Devenir patron d’auto-école, cela ne s’improvise pas. Ce qui n’a pas dissuadé le législateur de libéraliser la profession – conformément aux obligations européennes – avec la loi du 5 janvier 2011. Désormais, tout un chacun peut ouvrir sa propre auto-école, sans expérience, alors que les métiers de l’enseignement de la conduite font l’objet d’une réglementation étatique draconienne, sécurité routière oblige. « On ne peut pas être au niveau du jour an lendemain », relève l’Unidec, qui ne manque pas de souligner ce paradoxe. L’Unic, quant à elle, ne s’alarme pas. « Il ne serait pas si mal que de vrais chefs d’entreprise prennent la tête d’auto-écoles. Mais il faudrait s’assurer que le responsable pédagogique soit compétent en la matière. Qu’il ait de la bouteille, trois à quatre ans d’ancienneté », estime Philippe Colombani, chef de file de l’Unic.

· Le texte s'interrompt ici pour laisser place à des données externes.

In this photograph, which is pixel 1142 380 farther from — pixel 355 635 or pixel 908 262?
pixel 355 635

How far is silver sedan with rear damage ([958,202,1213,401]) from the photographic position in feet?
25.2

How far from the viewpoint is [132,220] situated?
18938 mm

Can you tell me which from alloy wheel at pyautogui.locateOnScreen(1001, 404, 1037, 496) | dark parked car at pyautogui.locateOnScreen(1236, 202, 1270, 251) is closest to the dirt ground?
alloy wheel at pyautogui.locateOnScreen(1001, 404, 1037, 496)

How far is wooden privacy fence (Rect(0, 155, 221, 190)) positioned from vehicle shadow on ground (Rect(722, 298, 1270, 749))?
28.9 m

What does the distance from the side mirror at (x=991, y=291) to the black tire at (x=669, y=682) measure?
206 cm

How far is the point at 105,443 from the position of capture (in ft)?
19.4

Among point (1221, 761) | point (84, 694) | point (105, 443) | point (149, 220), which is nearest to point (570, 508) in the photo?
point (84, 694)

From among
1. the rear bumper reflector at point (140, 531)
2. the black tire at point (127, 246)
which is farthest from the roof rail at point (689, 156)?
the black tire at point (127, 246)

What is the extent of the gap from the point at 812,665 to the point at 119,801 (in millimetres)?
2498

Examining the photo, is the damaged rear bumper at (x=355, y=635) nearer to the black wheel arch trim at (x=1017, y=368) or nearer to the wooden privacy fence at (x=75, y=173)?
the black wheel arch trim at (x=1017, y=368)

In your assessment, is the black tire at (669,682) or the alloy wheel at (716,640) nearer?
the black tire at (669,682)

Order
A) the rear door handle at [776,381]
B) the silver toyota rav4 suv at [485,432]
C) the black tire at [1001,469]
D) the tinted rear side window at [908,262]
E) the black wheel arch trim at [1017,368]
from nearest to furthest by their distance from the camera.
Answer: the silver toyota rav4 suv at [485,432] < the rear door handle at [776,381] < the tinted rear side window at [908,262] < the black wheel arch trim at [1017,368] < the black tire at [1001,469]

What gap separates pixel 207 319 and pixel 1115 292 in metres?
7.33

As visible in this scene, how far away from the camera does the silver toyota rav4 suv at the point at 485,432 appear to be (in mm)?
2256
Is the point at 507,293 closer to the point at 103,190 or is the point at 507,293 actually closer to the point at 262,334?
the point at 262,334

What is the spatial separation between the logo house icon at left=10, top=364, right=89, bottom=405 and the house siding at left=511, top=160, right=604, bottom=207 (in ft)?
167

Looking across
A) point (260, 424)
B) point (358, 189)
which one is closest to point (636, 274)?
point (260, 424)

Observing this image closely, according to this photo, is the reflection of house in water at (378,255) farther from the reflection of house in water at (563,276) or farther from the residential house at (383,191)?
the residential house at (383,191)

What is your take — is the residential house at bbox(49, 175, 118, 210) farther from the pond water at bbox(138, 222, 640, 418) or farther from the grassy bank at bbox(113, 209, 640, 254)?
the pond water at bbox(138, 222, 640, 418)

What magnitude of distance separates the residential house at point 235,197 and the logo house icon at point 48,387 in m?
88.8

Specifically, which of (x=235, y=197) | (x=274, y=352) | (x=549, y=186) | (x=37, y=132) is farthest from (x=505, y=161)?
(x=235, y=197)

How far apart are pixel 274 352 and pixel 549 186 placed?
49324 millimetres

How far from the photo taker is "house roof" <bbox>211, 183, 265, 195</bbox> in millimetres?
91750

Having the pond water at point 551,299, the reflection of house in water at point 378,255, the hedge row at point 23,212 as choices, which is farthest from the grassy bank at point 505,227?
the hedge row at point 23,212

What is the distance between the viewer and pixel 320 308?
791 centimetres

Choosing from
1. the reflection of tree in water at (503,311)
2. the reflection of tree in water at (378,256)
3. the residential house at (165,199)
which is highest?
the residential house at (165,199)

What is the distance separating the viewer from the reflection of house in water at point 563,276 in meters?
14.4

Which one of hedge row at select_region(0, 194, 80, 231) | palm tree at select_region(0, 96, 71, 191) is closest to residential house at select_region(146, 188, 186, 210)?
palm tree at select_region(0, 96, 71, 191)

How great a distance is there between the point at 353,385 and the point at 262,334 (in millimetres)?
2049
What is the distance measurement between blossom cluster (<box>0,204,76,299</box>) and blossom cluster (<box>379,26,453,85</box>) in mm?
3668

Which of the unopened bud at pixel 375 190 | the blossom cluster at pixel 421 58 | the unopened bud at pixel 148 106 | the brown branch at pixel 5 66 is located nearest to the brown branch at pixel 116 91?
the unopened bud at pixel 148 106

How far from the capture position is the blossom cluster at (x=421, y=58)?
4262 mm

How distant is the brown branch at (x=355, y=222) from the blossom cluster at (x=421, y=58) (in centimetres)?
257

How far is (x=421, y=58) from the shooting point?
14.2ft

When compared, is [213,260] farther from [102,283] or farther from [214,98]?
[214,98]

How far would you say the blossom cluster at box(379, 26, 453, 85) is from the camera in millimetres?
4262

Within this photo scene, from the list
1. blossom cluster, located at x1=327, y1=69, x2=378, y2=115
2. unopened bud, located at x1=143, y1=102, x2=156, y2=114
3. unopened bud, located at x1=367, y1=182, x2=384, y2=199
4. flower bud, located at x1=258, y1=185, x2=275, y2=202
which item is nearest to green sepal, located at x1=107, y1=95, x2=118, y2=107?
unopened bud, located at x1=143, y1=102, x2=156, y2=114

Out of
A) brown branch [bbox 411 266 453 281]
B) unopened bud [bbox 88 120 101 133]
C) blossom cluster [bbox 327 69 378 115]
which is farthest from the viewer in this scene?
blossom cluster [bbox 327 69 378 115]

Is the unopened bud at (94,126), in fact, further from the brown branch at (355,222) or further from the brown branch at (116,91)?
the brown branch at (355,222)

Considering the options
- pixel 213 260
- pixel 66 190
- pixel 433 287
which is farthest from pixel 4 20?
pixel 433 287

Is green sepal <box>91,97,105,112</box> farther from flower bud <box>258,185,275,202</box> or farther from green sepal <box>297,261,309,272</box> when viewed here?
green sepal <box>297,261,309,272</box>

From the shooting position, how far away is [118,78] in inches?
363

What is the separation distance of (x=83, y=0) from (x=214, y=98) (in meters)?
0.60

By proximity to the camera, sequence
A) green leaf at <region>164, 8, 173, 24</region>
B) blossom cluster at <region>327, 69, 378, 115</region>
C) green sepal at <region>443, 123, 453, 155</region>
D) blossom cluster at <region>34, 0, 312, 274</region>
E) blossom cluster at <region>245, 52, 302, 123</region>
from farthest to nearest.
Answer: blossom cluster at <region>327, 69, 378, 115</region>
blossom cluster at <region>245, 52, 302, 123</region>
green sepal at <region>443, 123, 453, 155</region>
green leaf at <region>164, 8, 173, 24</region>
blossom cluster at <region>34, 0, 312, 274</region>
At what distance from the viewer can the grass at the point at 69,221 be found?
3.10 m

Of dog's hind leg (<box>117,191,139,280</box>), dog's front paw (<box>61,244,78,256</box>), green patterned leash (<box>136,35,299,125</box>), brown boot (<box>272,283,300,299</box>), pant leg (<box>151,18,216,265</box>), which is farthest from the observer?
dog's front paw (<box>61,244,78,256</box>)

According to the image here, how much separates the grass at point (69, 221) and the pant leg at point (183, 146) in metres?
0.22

Revaloriser les formations

Malgré tout, les acteurs de la profession cherchent des solutions. L’Unidec et le Conseil national des professions de l’automobile, syndicat historique né sous la bannière du Medef, proposent de revaloriser le Bepecaser en diplôme de niveau 3 (BTS, DUT). L’Unic souhaiterait même inaugurer une formation d’enseignement de la conduite, à l’image du bac pro « métiers de la sécurité routière ». Dans leur grande majorité, les syndicats d’exploitants militent aussi pour une amélioration de la formation des gérants d’auto-école. Le manque de connaissances en matière de gestion et de comptabilité d’entreprise saute aux yeux. En ce qui concerne les salariés, « on pourrait imaginer une hiérarchie qui prenne en compte les années d’ancienneté, par le biais de coefficients. Commencer moniteur et devenir chef d’équipe pédagogique au bout de quatre à cinq ans, par exemple. Faire des entretiens annuels d’évaluation et fixer des objectifs à nos collaborateurs afin de les motiver », suggère Bruno Garancher.

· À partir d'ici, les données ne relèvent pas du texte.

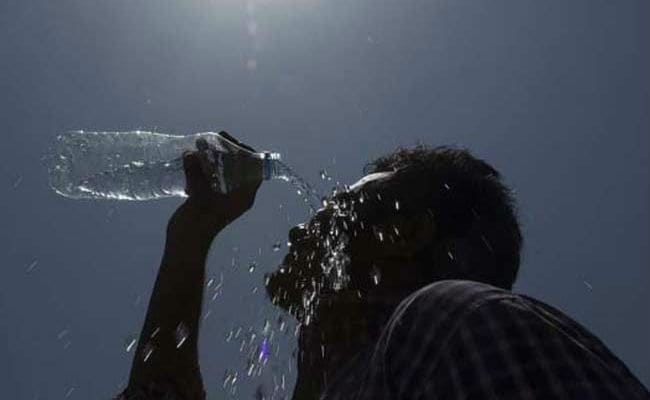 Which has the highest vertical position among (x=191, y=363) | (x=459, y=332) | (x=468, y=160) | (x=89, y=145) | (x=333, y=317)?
(x=89, y=145)

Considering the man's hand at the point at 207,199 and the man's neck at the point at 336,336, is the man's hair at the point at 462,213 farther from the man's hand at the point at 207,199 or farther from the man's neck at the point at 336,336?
the man's hand at the point at 207,199

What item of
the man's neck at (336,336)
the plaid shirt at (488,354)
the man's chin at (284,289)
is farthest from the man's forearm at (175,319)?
the plaid shirt at (488,354)

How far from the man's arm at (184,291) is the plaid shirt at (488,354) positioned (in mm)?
2136

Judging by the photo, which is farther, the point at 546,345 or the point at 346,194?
the point at 346,194

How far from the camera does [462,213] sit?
9.18 ft

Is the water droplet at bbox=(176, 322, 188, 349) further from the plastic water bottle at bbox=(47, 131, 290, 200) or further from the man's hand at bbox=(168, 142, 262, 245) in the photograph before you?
the plastic water bottle at bbox=(47, 131, 290, 200)

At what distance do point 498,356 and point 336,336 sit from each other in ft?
3.74

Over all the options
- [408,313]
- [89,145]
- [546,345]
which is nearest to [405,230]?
[408,313]

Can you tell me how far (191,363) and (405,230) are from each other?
4.92 feet

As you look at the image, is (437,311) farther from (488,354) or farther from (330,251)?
(330,251)

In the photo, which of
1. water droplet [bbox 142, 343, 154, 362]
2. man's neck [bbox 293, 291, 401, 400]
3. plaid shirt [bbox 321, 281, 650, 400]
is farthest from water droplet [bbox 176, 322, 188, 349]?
plaid shirt [bbox 321, 281, 650, 400]

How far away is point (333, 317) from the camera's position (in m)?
2.56

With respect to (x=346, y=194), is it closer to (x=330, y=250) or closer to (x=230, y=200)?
(x=330, y=250)

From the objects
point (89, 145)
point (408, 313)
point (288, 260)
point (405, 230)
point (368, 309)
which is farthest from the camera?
point (89, 145) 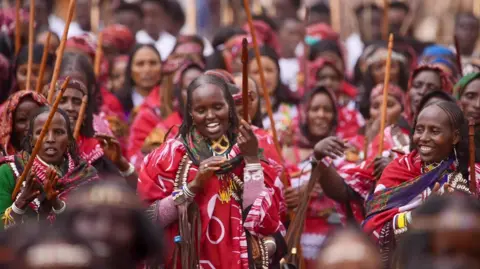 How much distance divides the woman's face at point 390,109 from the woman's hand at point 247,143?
282 centimetres

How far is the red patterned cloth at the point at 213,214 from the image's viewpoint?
8.66 m

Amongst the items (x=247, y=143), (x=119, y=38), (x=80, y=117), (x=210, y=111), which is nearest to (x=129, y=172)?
(x=80, y=117)

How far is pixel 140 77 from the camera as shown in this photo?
1298cm

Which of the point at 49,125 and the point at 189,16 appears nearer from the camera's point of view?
the point at 49,125

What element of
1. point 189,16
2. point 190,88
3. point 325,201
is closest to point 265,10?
point 189,16

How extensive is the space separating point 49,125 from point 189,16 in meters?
6.62

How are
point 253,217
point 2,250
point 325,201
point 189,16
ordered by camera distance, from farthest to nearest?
point 189,16 < point 325,201 < point 253,217 < point 2,250

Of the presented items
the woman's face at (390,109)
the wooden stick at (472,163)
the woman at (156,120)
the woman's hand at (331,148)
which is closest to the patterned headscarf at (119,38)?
the woman at (156,120)

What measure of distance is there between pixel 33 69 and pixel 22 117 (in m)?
1.79

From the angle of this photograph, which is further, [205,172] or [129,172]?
[129,172]

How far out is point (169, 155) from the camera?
8750mm

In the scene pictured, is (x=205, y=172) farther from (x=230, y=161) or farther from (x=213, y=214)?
(x=213, y=214)

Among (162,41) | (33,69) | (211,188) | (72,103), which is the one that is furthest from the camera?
(162,41)

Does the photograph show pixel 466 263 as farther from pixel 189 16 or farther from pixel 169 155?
pixel 189 16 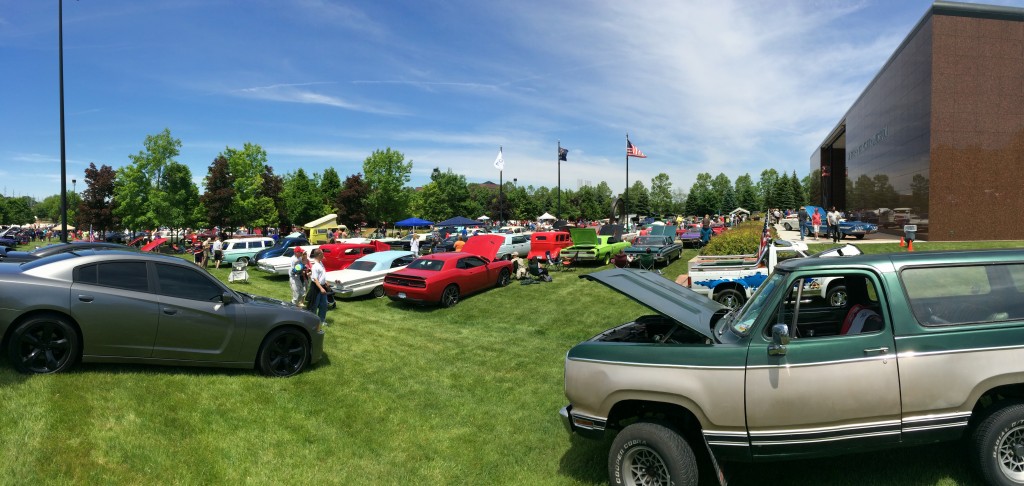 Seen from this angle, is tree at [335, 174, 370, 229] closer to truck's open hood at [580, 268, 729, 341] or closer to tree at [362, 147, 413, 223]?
tree at [362, 147, 413, 223]

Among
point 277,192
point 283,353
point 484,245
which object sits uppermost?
point 277,192

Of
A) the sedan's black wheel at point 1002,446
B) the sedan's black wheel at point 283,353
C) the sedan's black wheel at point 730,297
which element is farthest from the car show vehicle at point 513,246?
the sedan's black wheel at point 1002,446

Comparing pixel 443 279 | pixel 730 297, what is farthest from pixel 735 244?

Des idées qui n’ont pas encore abouti. « Le gouvernement annonce des mesures en termes de formation. Sans donner de calendrier. Et les syndicats rechignent à prendre les devants. Le risque de mettre en place des formations qui ne seraient pas conformes aux dispositions ministérielles est trop grand : elles ne seraient pas prise en charge financièrement. Ce qui pourrait avoir un impact contre-productif sur le prix du permis », souligne Joël Cassegrain, vice-président de l’Unic. L’attente pourrait être longue, puisque la profession relève du ministère de l’Intérieur, plus préoccupé par la sécurité que par la formation.

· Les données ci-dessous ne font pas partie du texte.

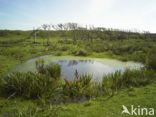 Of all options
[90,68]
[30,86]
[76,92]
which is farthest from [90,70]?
[30,86]

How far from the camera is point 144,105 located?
3.51 metres

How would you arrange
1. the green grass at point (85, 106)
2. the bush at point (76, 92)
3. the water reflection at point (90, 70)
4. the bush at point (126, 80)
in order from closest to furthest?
1. the green grass at point (85, 106)
2. the bush at point (76, 92)
3. the bush at point (126, 80)
4. the water reflection at point (90, 70)

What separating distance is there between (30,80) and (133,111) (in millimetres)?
4208

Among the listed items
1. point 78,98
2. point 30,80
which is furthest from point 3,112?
point 78,98

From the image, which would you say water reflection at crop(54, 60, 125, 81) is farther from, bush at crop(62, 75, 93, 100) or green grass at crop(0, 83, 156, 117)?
green grass at crop(0, 83, 156, 117)

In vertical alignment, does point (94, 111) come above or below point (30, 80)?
below

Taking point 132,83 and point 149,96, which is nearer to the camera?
point 149,96

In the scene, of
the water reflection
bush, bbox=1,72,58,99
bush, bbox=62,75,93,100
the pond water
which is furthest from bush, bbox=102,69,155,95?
bush, bbox=1,72,58,99

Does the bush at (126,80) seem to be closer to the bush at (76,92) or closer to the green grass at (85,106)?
the green grass at (85,106)

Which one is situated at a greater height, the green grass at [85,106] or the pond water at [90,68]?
the pond water at [90,68]

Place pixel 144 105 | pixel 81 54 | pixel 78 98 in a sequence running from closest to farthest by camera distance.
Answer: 1. pixel 144 105
2. pixel 78 98
3. pixel 81 54

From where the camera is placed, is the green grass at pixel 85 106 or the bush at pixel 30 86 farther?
the bush at pixel 30 86

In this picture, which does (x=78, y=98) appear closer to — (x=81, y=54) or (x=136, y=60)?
(x=136, y=60)

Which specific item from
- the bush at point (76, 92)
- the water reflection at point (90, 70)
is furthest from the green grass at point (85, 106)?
the water reflection at point (90, 70) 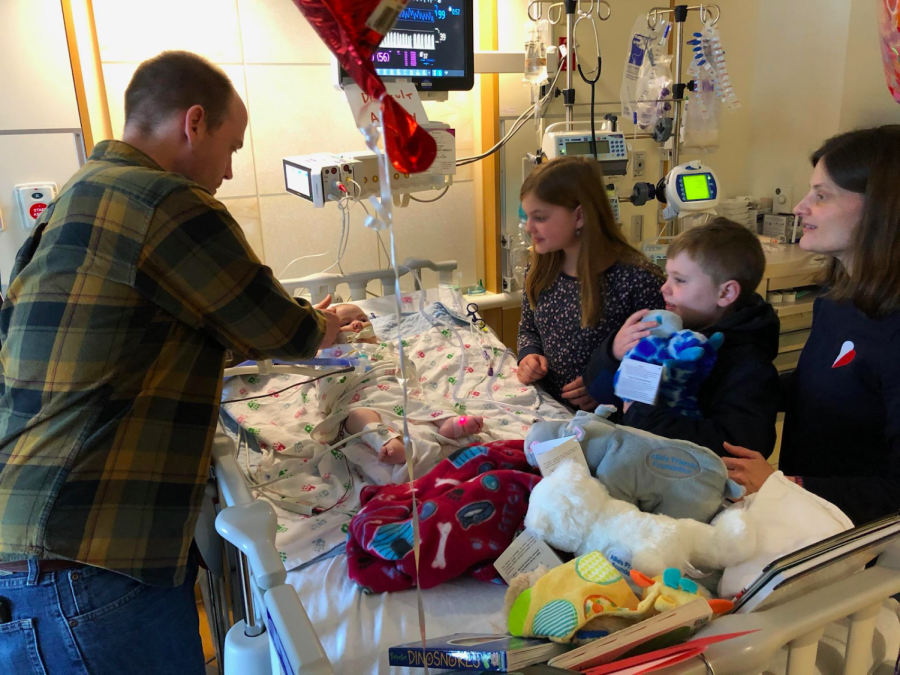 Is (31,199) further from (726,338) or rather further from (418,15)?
(726,338)

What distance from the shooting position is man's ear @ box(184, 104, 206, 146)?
1204 millimetres

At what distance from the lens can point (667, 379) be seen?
4.66ft

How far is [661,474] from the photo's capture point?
3.50ft

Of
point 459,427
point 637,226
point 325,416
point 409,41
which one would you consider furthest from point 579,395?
point 637,226

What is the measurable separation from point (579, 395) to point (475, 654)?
1.33 m

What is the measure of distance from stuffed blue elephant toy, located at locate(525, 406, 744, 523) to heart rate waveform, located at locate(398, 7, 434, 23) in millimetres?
1706

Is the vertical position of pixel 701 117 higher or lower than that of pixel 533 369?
higher

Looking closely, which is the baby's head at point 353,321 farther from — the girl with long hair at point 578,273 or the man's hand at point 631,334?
the man's hand at point 631,334

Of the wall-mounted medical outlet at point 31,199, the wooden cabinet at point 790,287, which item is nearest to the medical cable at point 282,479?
the wall-mounted medical outlet at point 31,199

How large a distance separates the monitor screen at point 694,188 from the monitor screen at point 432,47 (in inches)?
35.6

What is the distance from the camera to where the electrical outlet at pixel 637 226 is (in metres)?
3.31

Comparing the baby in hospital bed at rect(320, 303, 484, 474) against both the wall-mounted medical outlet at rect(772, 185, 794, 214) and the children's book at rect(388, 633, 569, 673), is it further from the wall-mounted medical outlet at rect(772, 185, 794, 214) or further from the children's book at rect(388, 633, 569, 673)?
the wall-mounted medical outlet at rect(772, 185, 794, 214)

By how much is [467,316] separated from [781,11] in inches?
93.8

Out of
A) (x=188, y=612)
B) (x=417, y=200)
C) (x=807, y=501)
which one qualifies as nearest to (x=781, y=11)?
(x=417, y=200) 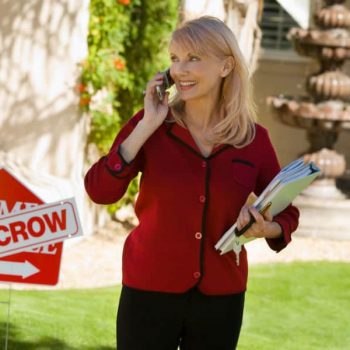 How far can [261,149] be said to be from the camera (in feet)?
11.6

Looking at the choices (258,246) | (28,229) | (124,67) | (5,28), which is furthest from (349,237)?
(28,229)

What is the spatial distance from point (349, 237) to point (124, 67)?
267 centimetres

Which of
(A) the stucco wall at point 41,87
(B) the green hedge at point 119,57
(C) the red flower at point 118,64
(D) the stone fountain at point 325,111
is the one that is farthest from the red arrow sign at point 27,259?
(D) the stone fountain at point 325,111

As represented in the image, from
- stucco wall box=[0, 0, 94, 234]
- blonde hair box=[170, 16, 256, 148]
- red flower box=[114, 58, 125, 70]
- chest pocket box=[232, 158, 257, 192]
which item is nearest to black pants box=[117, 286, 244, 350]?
chest pocket box=[232, 158, 257, 192]

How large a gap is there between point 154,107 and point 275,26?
10.6 meters

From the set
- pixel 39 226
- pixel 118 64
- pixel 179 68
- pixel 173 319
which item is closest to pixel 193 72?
pixel 179 68

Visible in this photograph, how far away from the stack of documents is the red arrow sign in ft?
3.23

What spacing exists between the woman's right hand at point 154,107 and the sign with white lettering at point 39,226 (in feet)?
2.34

Face à tant d’inertie, certains moniteurs se lancent dans l’autoentrepreneuriat. Un mode d’exercice qui leur permet de proposer des tarifs inférieurs (20 euros l’heure contre 38 en moyenne en auto-école). Le bémol : cette pratique emprunte la voie de l’illégalité. Les enseignants de la conduite ne peuvent pas dispenser, en dehors d’une structure agréée par la préfecture, des cours à titre onéreux. Pour autant, les offres pullulent sur le Net. La formule : le jeune s’inscrit en candidat libre pour passer son permis. Ce qui ne lui coûte pas un centime. Et le moniteur autoentrepreneur le forme à moindre coût. Attention, bien sûr, aux contrôles de l’Urssaf, pour l’instant rarissimes. Déjà mal-en-point, la profession n’avait pas besoin de cette concurrence en forme de low-cost.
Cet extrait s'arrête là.